From the viewpoint of improving the yield and narrowing the particle size distribution, the value of “(Wb +Wc)/(Wr/100)” in formula 1 is preferably from 40 to 200 inclusive and more preferably from 45 to 170 inclusive.
From the viewpoint of improving the yield and narrowing the particle size distribution, the value of “(Wb/(Wb+Wc)” in formula 2 is preferably from 70 to 85 inclusive and more preferably from 72 to 83 inclusive.
From the viewpoint of improving the yield and narrowing the particle size distribution, K1 in formula 4 is preferably from 3 to 14.5 inclusive and more preferably from 3.5 to 13.5 inclusive.
From the viewpoint of improving the yield and narrowing the particle size distribution, K2 in formula 6 is preferably from 1 to 4.5 inclusive and more preferably from 1.5 to 4 inclusive.
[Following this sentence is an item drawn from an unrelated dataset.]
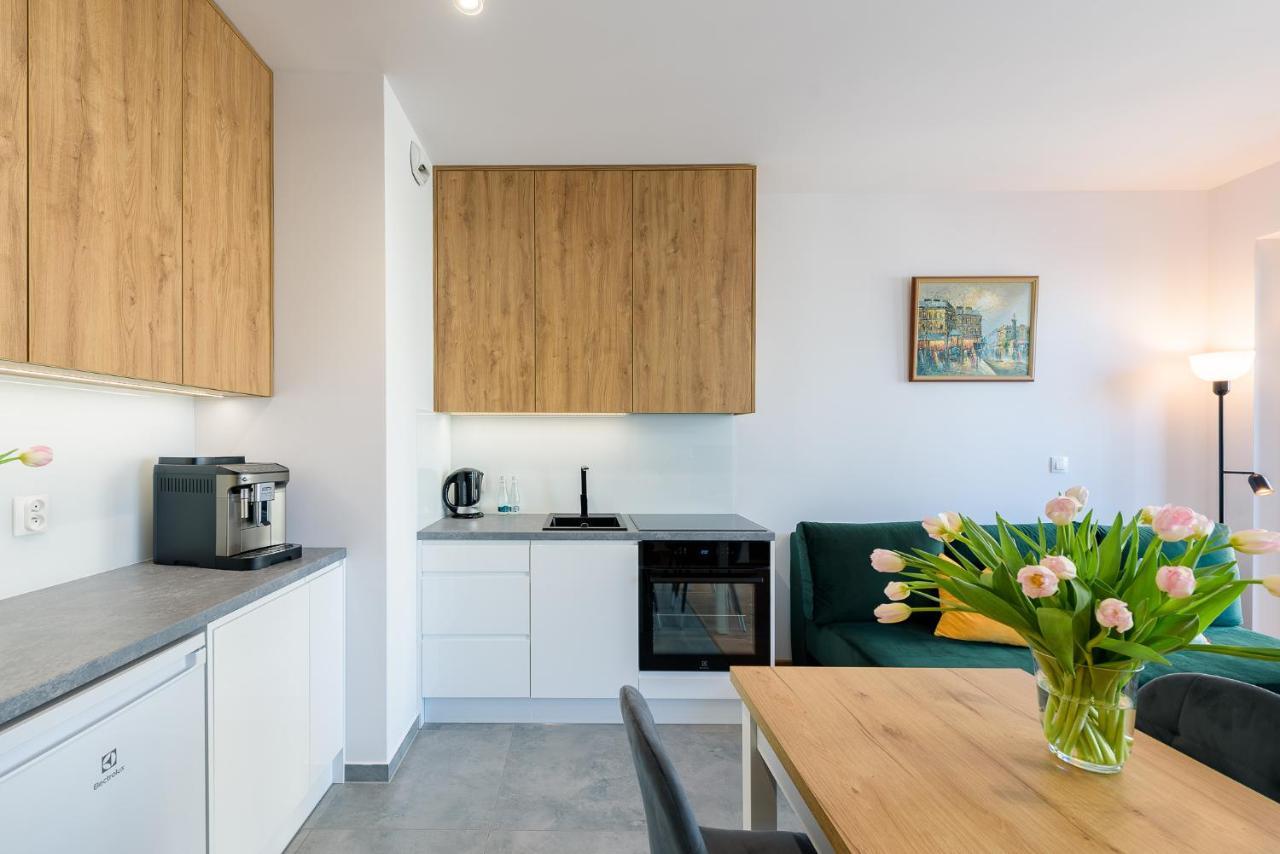 Apartamenty Tespis - Sokolska 30 Towers カトヴィツェ エクステリア 写真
From the viewpoint of improving the yield and narrowing the particle size distribution, the content of the organic solvent B in the phase-inverted emulsion with respect to the mass of the resin is preferably from 25% by mass to 150% by mass inclusive and more preferably from 40% by mass to 130% by mass inclusive.
From the viewpoint of improving the yield and narrowing the particle size distribution, the content of the organic solvent C in the phase-inverted emulsion with respect to the mass of the resin is preferably from 10% by mass to 50% by mass inclusive and more preferably from 10% by mass to 40% by mass inclusive.
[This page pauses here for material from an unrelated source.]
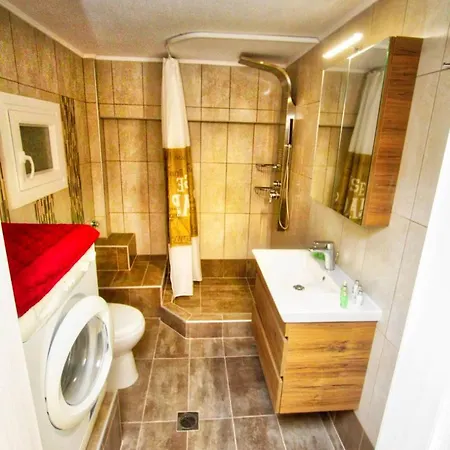 Goldenrosekavalaview Apartment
The aqueous medium used is, for example, water (such as distilled water or ion exchanged water).
The amount of water added to the oil phase medium prepared by dissolving the resin in the organic solvent is set to, for example, an amount that allows phase inversion emulsification to proceed and the amount of waste generated to decrease.
Specifically, the amount of water added is preferably from 50% by mass to 2000% by mass inclusive and more preferably from 100% by mass to 1000% by mass inclusive based on the mass of the resin.
In the organic solvent removal step, the organic solvent is removed from the phase-inverted emulsion.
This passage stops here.